• **Information provided**

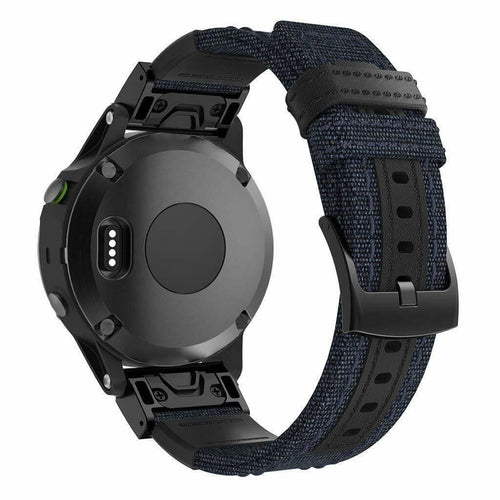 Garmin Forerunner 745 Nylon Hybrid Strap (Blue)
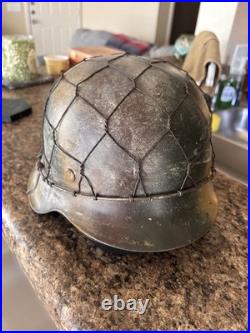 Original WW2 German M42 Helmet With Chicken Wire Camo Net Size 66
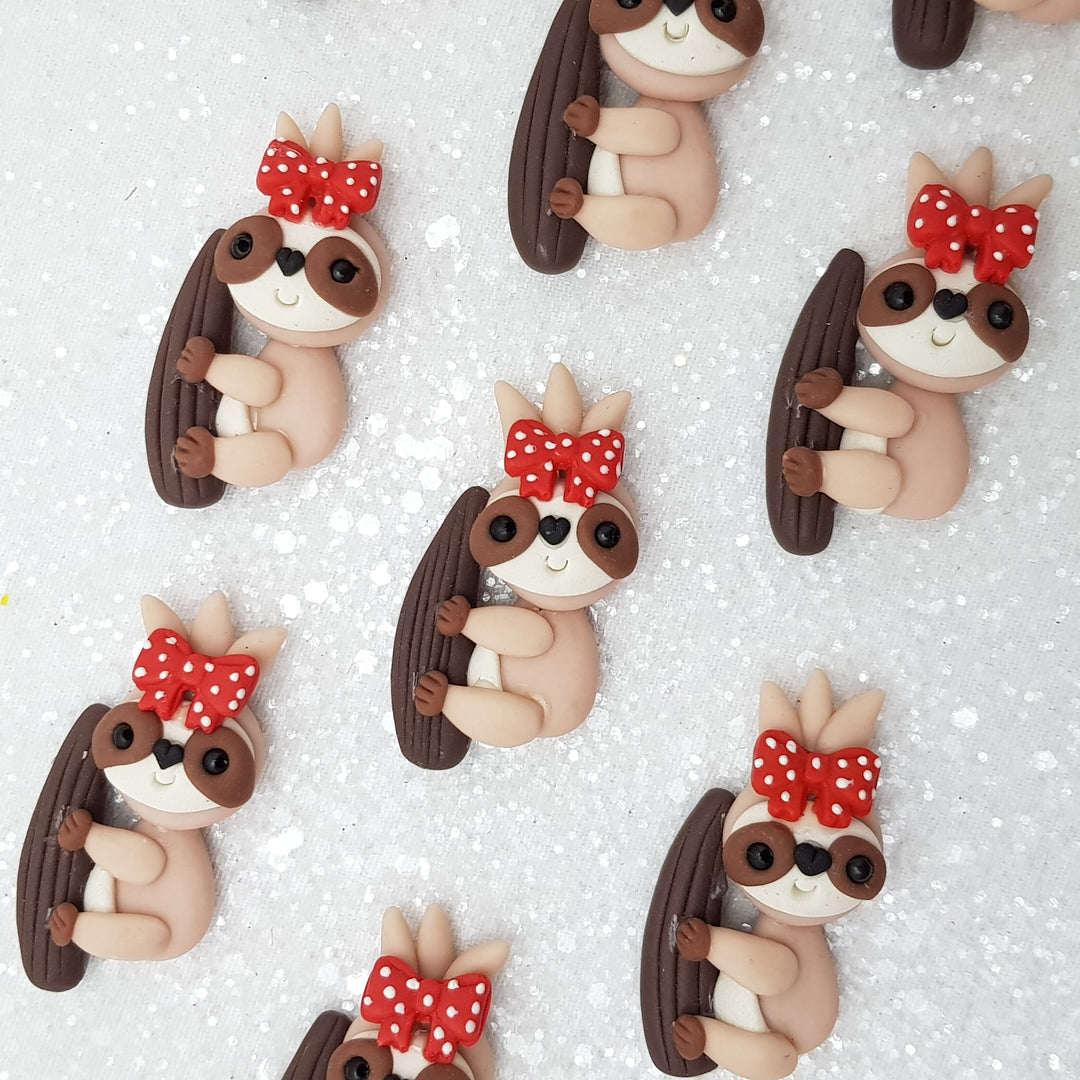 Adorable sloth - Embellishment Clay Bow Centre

...

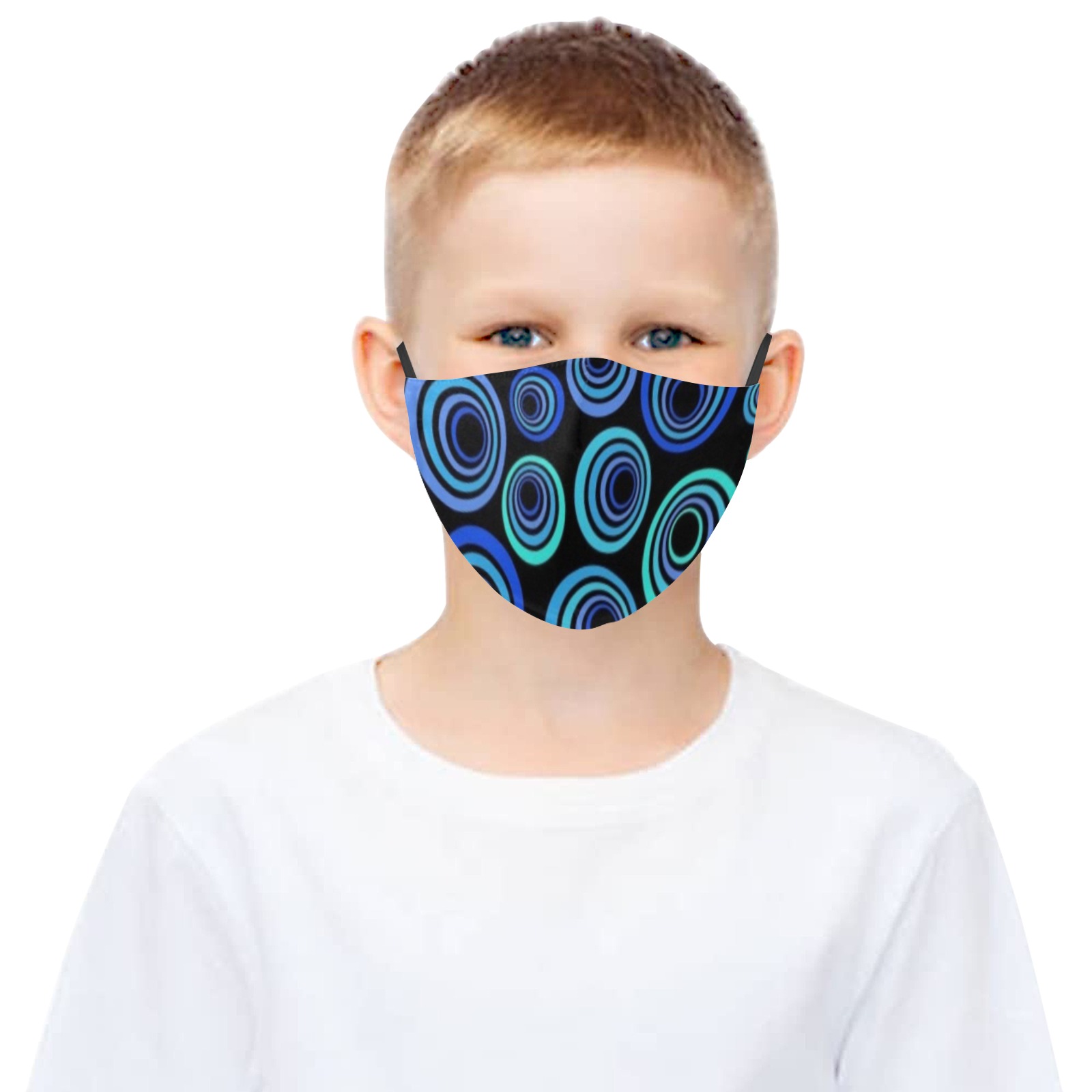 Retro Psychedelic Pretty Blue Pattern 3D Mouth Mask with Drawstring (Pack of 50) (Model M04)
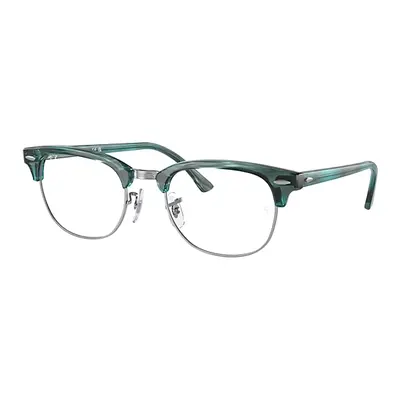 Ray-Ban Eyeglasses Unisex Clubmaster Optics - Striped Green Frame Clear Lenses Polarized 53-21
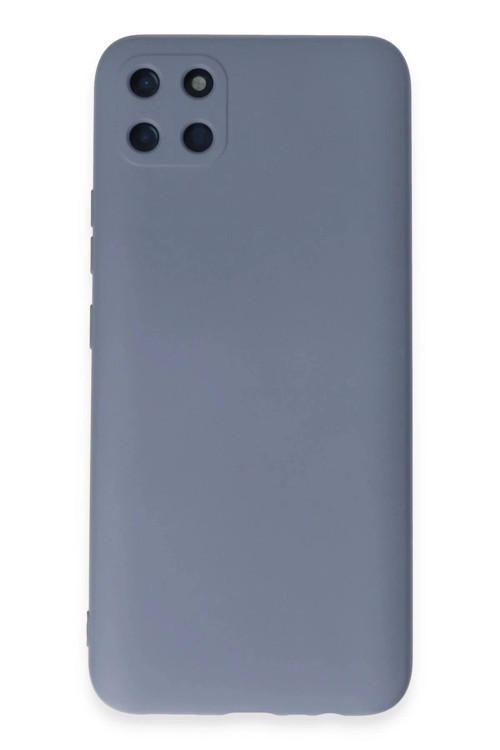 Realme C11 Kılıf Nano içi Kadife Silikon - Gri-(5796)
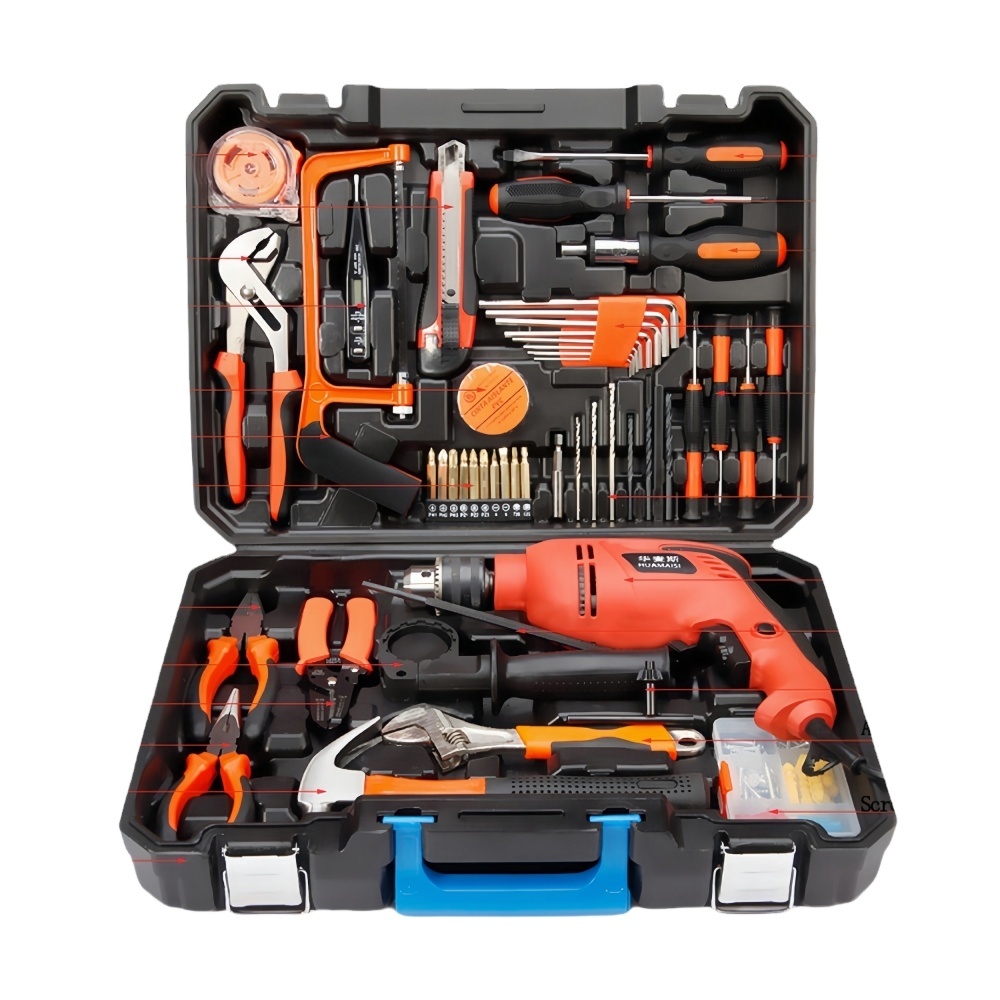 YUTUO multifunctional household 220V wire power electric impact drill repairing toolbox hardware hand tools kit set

---

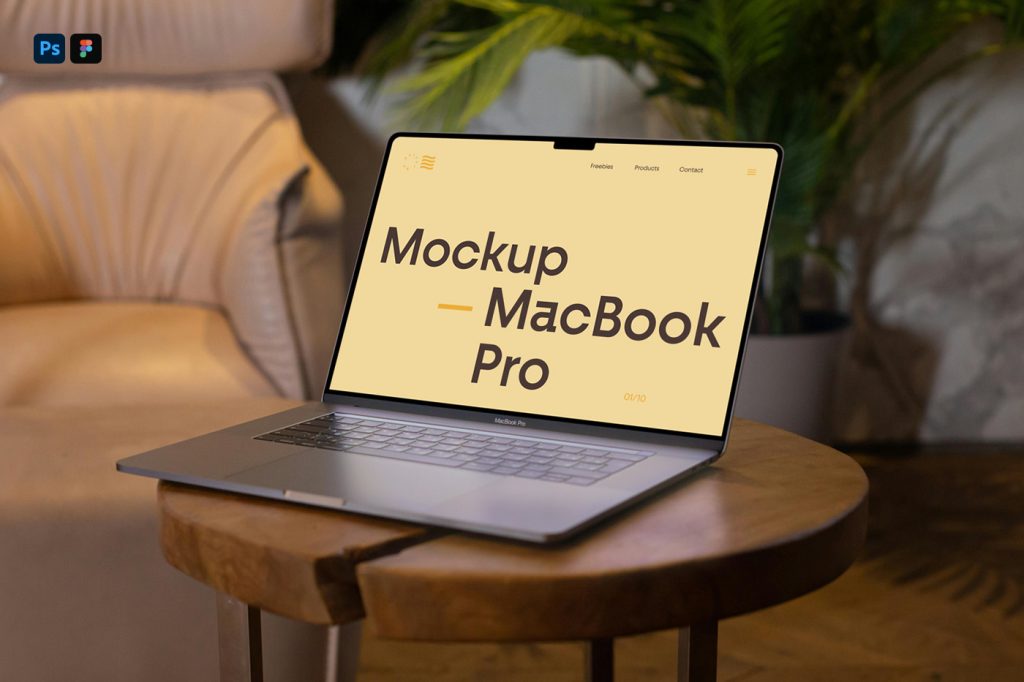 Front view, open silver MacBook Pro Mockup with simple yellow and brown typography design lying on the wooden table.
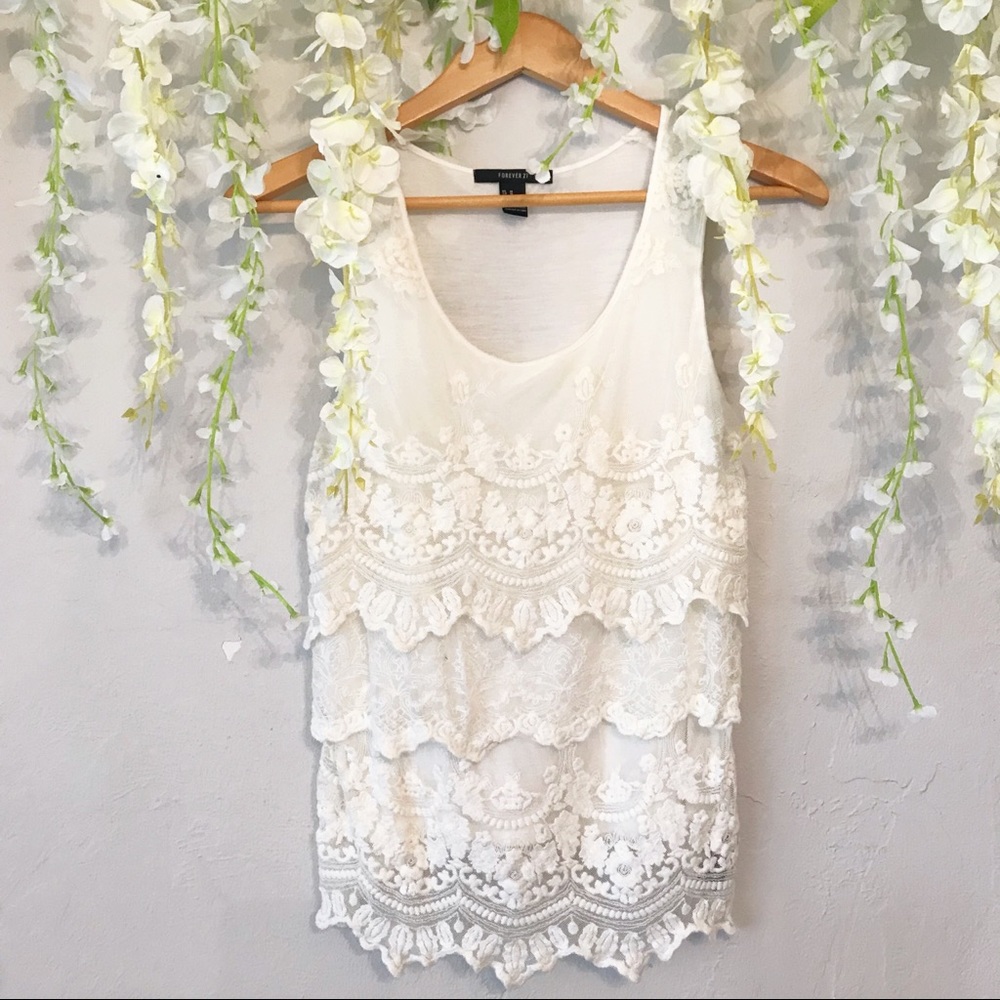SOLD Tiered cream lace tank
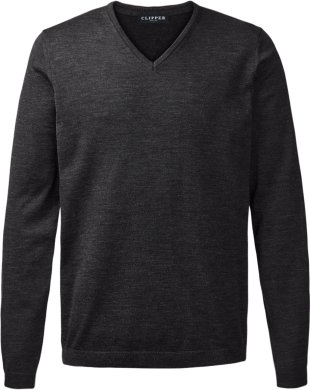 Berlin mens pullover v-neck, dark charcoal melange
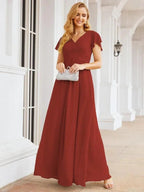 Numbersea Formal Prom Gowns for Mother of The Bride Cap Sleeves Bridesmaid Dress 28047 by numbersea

• **To do**
When copying from the data above, print only the lines from the line containing "Realme C11 Kılıf" to the line containing "YUTUO multifunctional household", exactly, and leave the pictures out.

• **Answer box**
 Realme C11 Kılıf Nano içi Kadife Silikon - Gri-(5796)
 YUTUO multifunctional household 220V wire power electric impact drill repairing toolbox hardware hand tools kit set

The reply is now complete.